Podrá objetarse que las condiciones en que se desarrolla la propaganda, su misma extensión y vehemencia, atributos a veces primitivos y precarios de ella, no pueden ser del todo compatibles con aquella solicitud y cuidadosa mira que se requiere; podrá objetarse que en ocasiones hay que proceder con dureza, con brusquedad, perentoriamente. Respecto a esta consideración admito que los hombres sean hoy más rudos, rutinarios y recelosos o menos ingenuos porque su vida anterior, al contacto con una propaganda, les hace así, como no eran hace 50 años en tiempos de Reclus, que murió el 4 de julio de 1905, pero es evidente hacen falta mutatis mutandis, poco más o menos, procedimientos verdaderamente libres y humanos como los de Reclus.
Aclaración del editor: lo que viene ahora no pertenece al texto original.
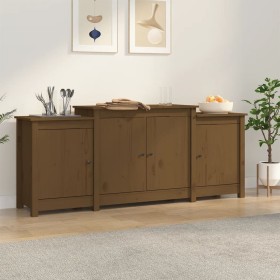 Honey brown solid pine wood sideboard 164x37x68 cm by vidaXL, Sideboards - Ref: Foro24-821495, Price: 212,99 €, Discount: %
Si ha de haber renuevos libertarios Europa  -los hay en España, siendo débiles en otras partes, evaporándose prontamente el rocío libertario en el ancho desierto de la autoridad- será preciso que haya mucho de ese anarquismo ético y humano tan bien representado por Elíseo Reclus, anarquismo nuevo y bello de forma a la vez que fortier in re (fuerte en el fondo de sí mismo). Reclus fue hombre de libros, en efecto, pero en el año 1849, en 1851 en 1871 estaba dispuesto a batirse revolucionariamente, y fue detenido fusil en mano en abril de 1871. Reclus era hombre que, cuando otros dudaban, salió en defensa de los que estaban más expuestos por defender las ideas anarquistas. Si la juventud de nuestro tiempo no conoce a Reclus, peor para ella, porque ella es la que pierde. Hay una obra de Reclus de 1897 “L’Evolution, la révolution et l’idéal anarchiste”, que es tal vez la expresión más bella del anarquismo humanista de nuestro Reclus, el amigo de todos.

Notas

(1)   1.- Este trabajo fue escrito en Barcelona du-e la II República española, con destino a Revista Blanca». (N.D.L.R.)